Alfa fans, rejoice: Alfa Romeo’s return to North America may be on track after all. Although Fiat executives questioned the launch and the brand’s future just weeks ago, CEO Sergio Marchionne now says the brand will return to the New World.
“I’m a lot more confident now that Alfa Romeo will reconstitute a product offering that is acceptable globally, and more in particular in the United States and Canada,” Marchionne reportedly said Friday at a speaking engagement in Toronto, Canada. “There is a strong likelihood that the brand will be back here within the next 24 months.”
It’s a far cry from what he told reporters on January 21, when he said that a decision to return Alfa to the U.S. would take a year and that he would look to formulate backup plans in case it didn’t happen. Now, a Chrysler spokesman has confirmed the reports of Marchionne’s statements in Toronto, putting Alfa back on track for a U.S. debut in 2012.
According to Automotive News’ sources in the company, Alfa is looking to share platforms and production with Chrysler brands to keep costs down. Sources say that Alfa may introduce two new models for the U.S. market named Giulia, building it here in the states in mid-2012. The similarly named Giulietta, which will debut in Geneva next month to replace the 147, is not in the cards for the U.S. at the moment. A new rear-drive Alfa, though, could be based on the Chrysler 300’s platform and even built in Canada to replace the 166.
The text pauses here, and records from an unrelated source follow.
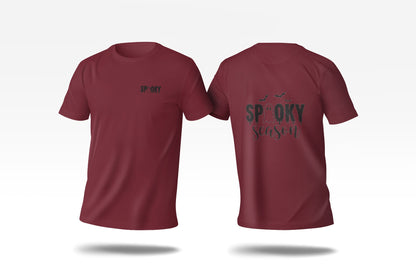 c-burgundy-0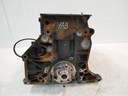 MTD-505180-7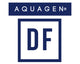 AQUAGEN DF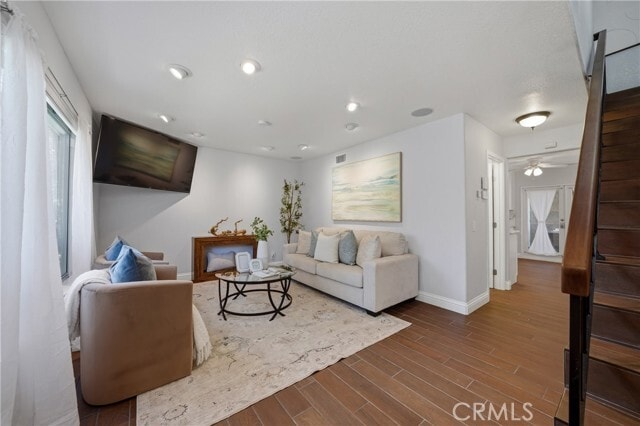 Photo - 850 Windwood Dr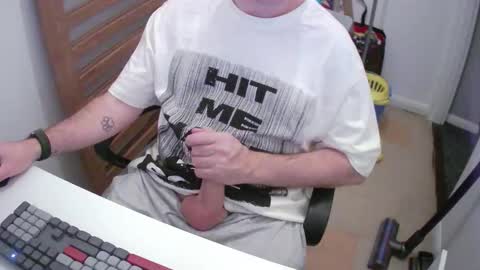 Snapshot of essex_wild chatting on 14, 10, 2025 Morph online show from 14, 10, 2025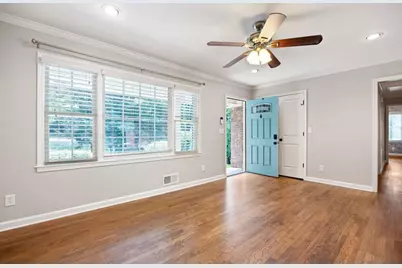 5936 Brookdale Lane SW, Mableton, GA 30126 - Photo 5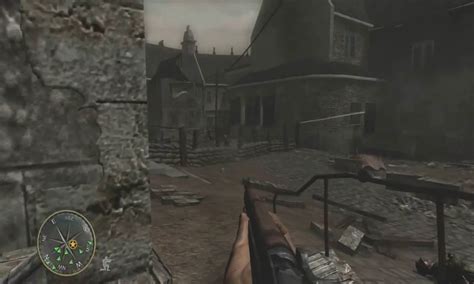 Image result for Cod 3 Download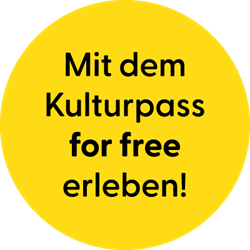 Nordische Filmtage for free! Bild 1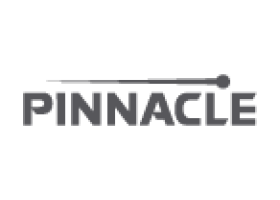 Pinnacle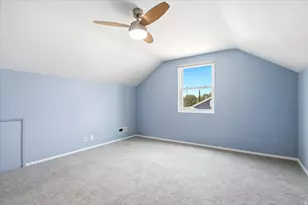 825 N Oakley St W, Salt Lake City, UT 84116 - Photo 17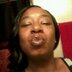 brenda knuckles - @bossladdiii - Twitter
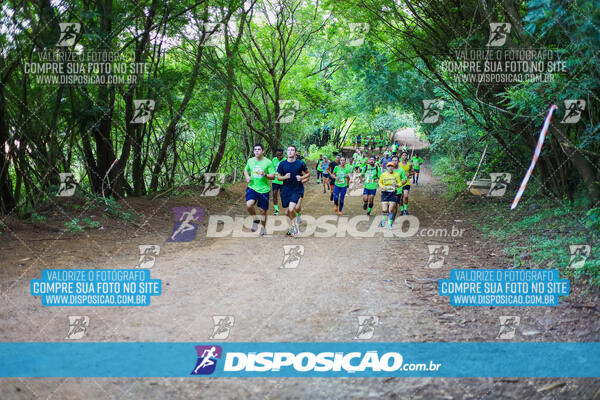 CIRCUITO UNIMED OFF ROAD 2025 - REFÚGIO - ETAPA 1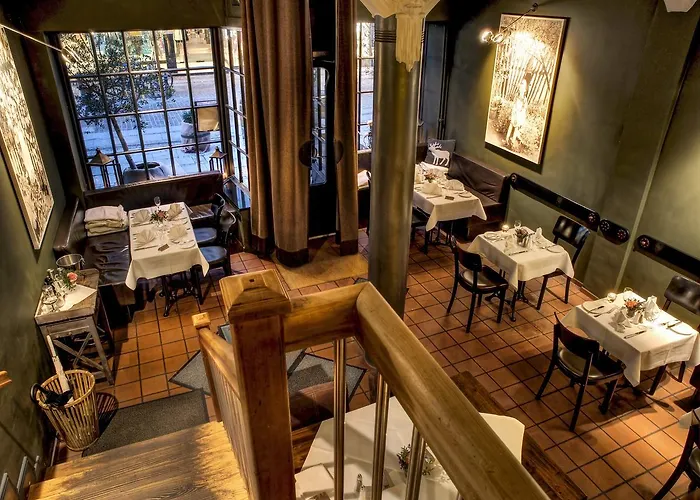 Lueneburg Haus Appartamento Kiel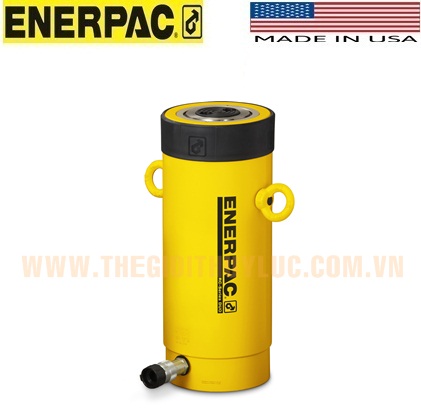 K&iacute;ch thủy lực RC-10010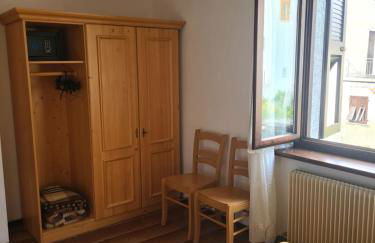 Bioledro - Casa Lena - Foto 43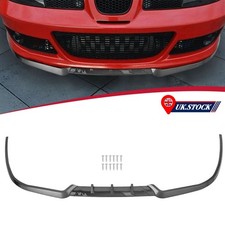 For Seat Leon Mk1 Cupra R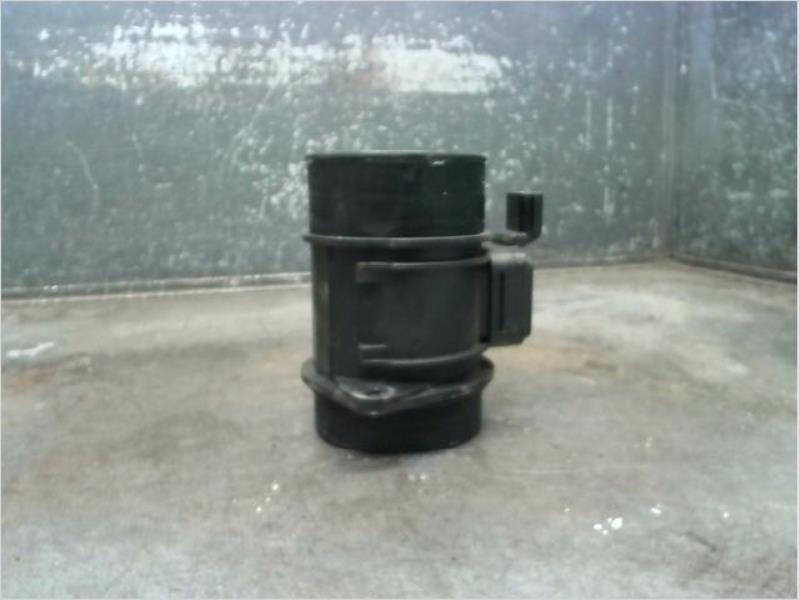 Debitmetre RENAULT SCENIC Diesel - 1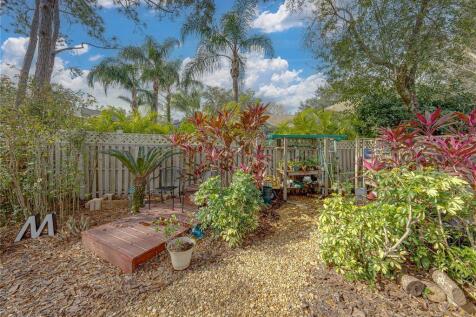 Property Image 68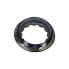 SHIMANO CS-R9200 Locking Ring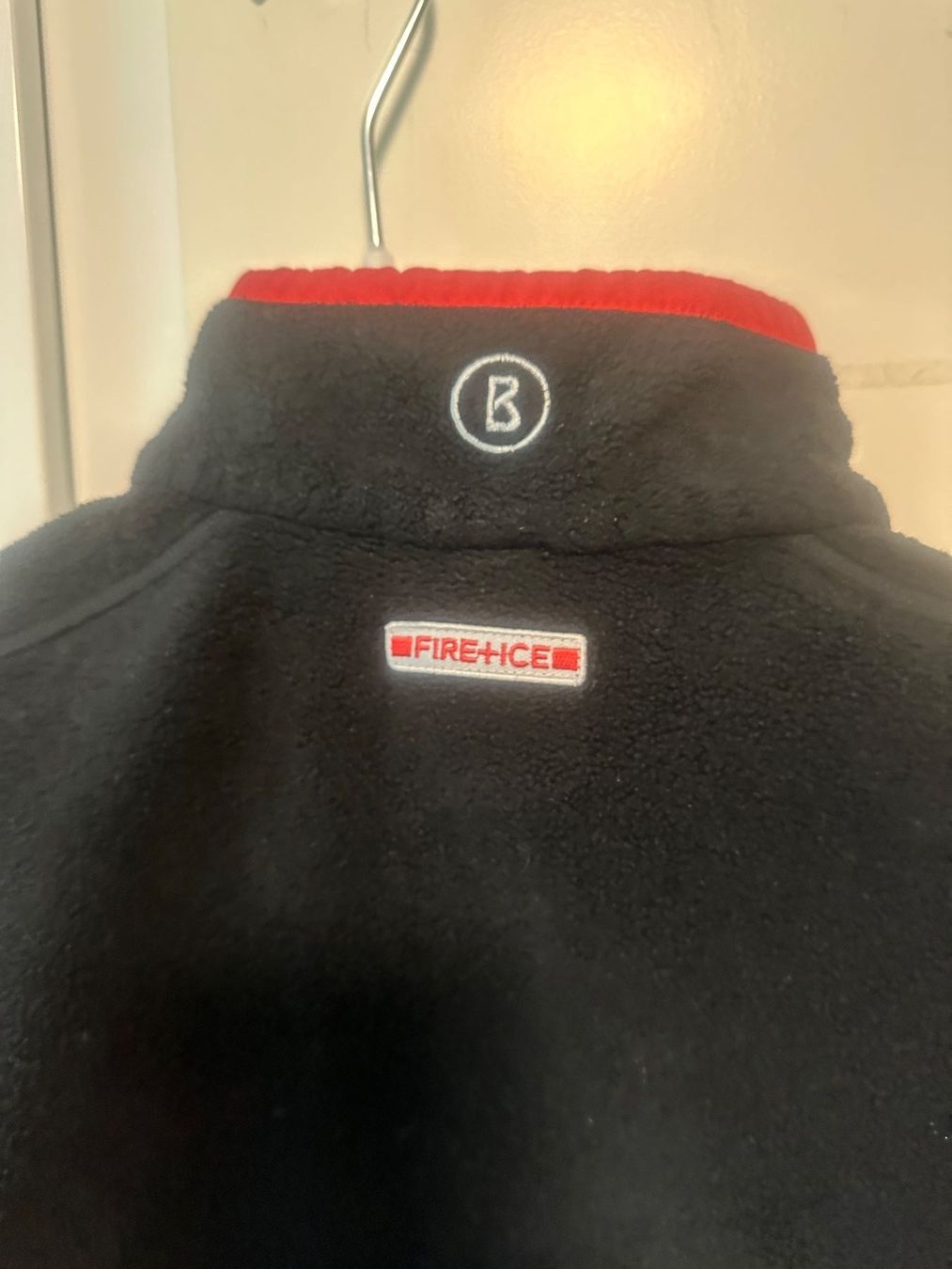 Bogner Vestes: bogner ski jacke (2 in 1) – D'occasion à Bottighofen par M.O.L 3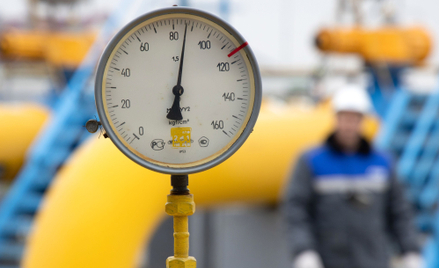 Doradcy Brukseli krytycznie o gazie i atomie jako „przejściowym” paliwie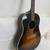 Gibson J-45 Acoustic Guitar – 2006 – Excellent Condition – $2,500 2 thumbnail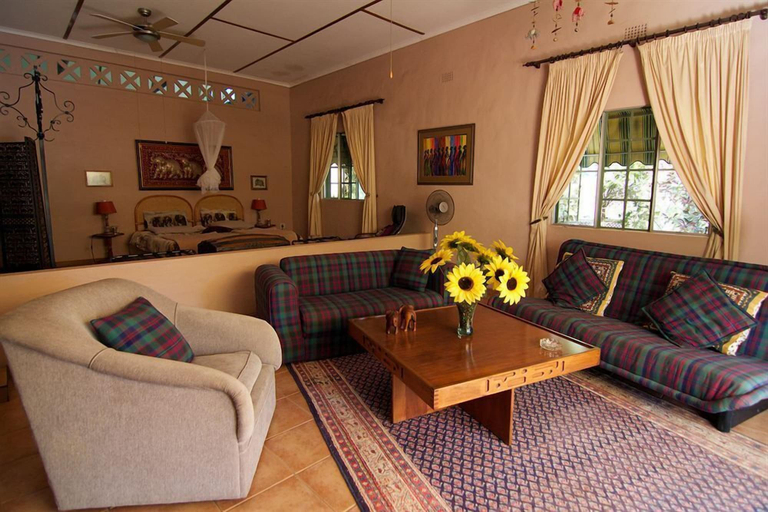 Others 5, Corona Guest Farm, Windhoek Rural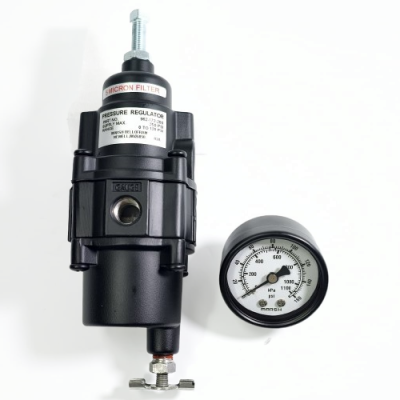 SAVE_20260127_154542-removebg-preview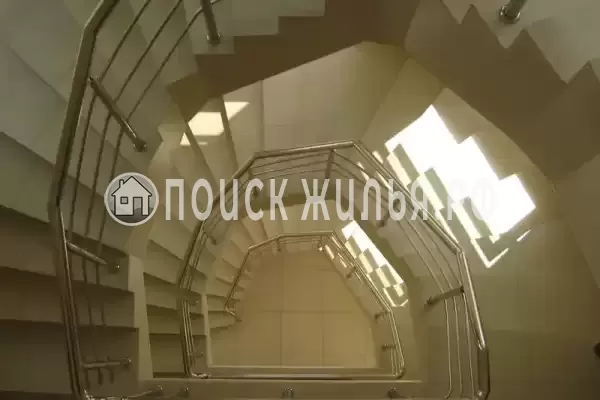 «Диана», Адлер «Диана», Адлер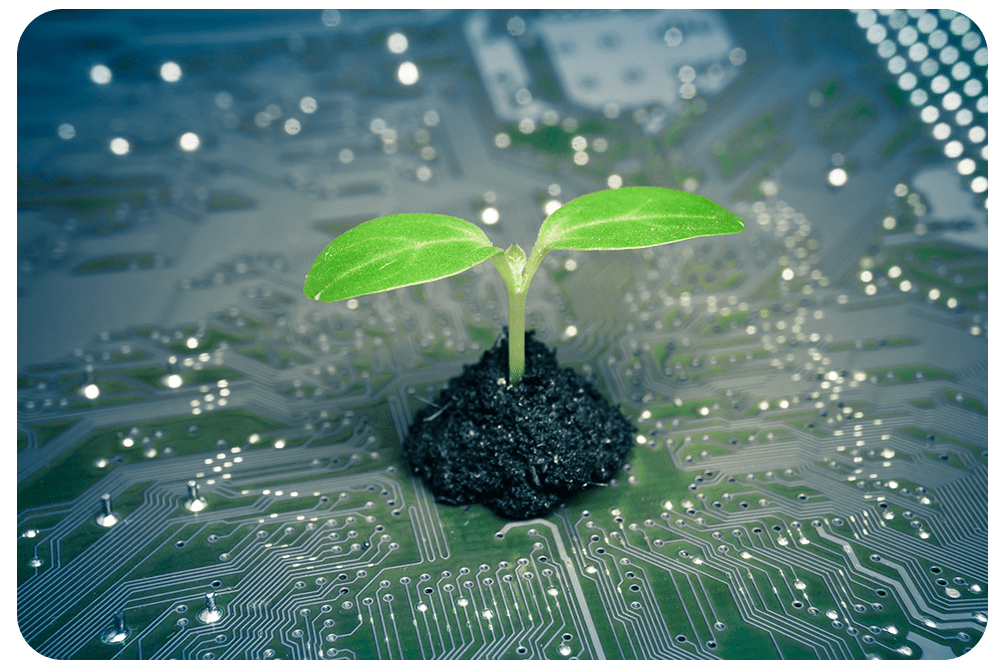 合规解决方案-图像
All of this, of course, assumes that the strategic review of the brand finds a good business case for the Alfa Romeo nameplate. The company has, after all, seen its sales dwindle by nearly 50% since 2000 and is plagued with an aging lineup that’s just starting to be freshened with the new MiTo and Giulietta. We’ll know more when the strategic review, along with the brand’s four-year plan, are released on April 21.